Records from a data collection
########

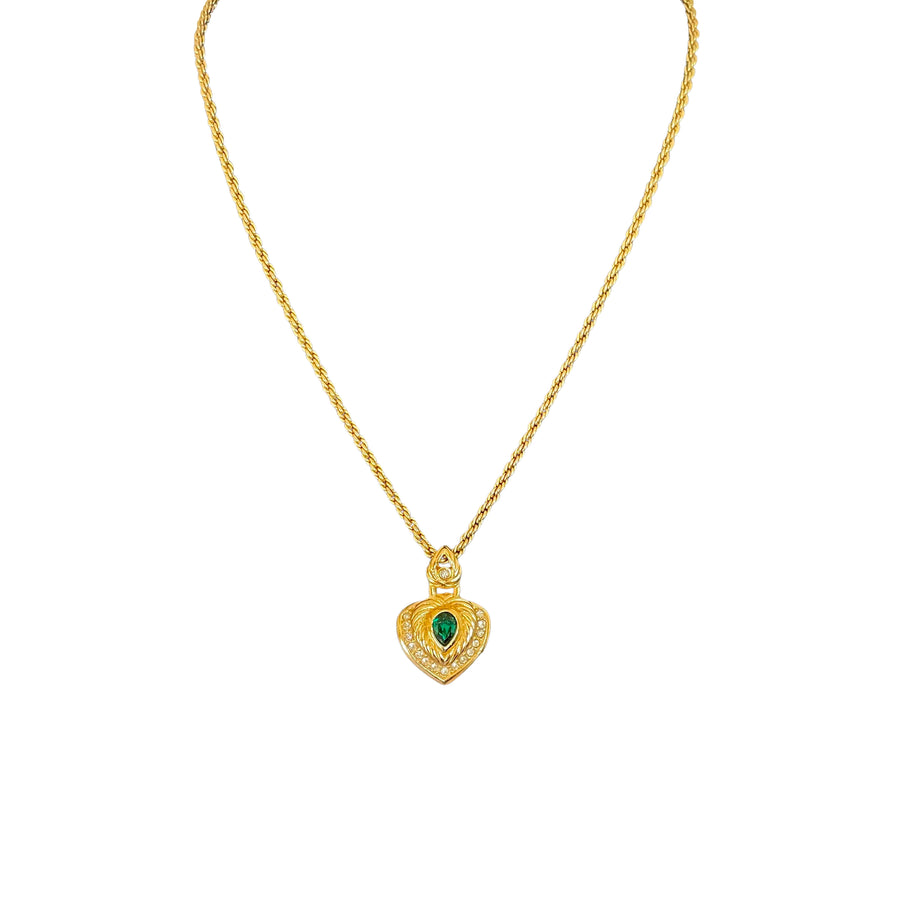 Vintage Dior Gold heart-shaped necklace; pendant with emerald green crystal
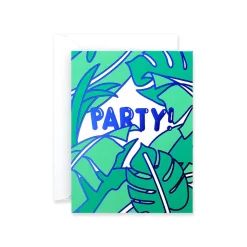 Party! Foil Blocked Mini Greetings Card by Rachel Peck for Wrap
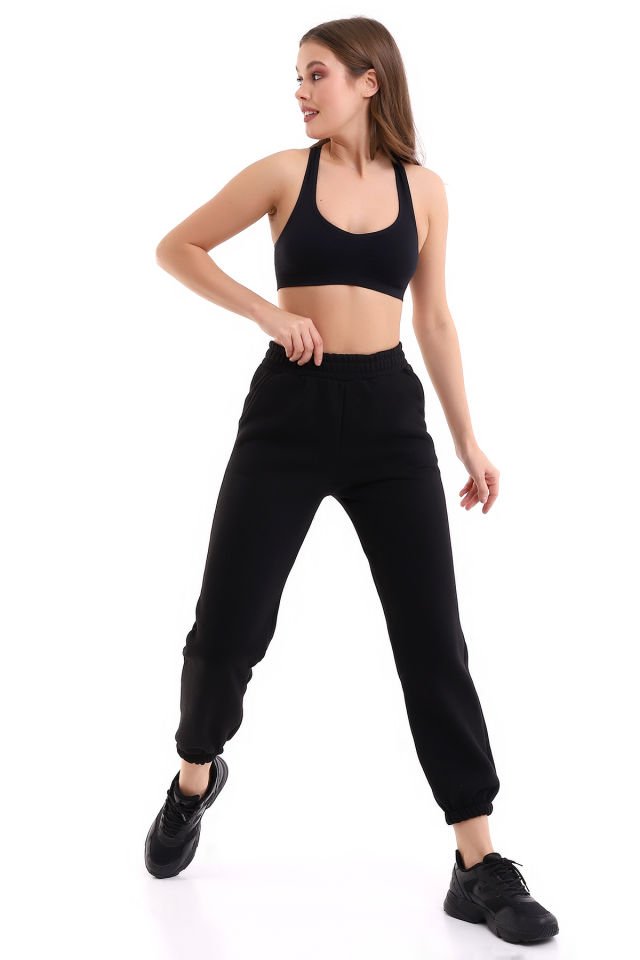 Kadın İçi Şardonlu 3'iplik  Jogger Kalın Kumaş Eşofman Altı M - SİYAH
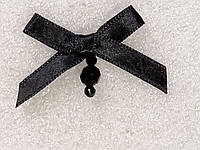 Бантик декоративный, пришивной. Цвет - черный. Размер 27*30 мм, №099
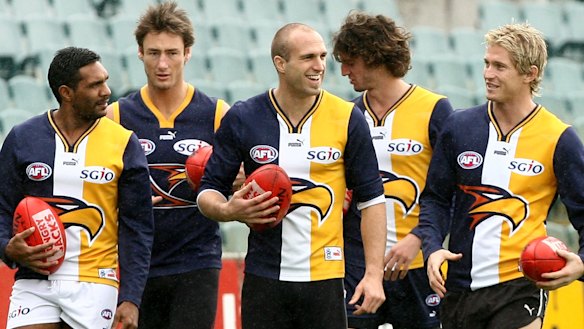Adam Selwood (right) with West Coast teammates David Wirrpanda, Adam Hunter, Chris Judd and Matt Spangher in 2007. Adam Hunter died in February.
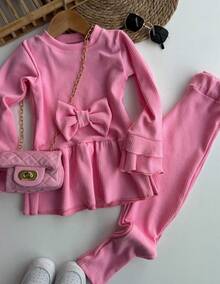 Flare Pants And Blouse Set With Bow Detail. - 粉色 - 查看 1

########

Repeat the records above word for word. Pictures stay out of the copy.

 Vintage Dior Gold heart-shaped necklace; pendant with emerald green crystal
 Party! Foil Blocked Mini Greetings Card by Rachel Peck for Wrap
 Kadın İçi Şardonlu 3'iplik  Jogger Kalın Kumaş Eşofman Altı M - SİYAH
 Бантик декоративный, пришивной. Цвет - черный. Размер 27*30 мм, №099
Adam Selwood (right) with West Coast teammates David Wirrpanda, Adam Hunter, Chris Judd and Matt Spangher in 2007. Adam Hunter died in February.
 Flare Pants And Blouse Set With Bow Detail. - 粉色 - 查看 1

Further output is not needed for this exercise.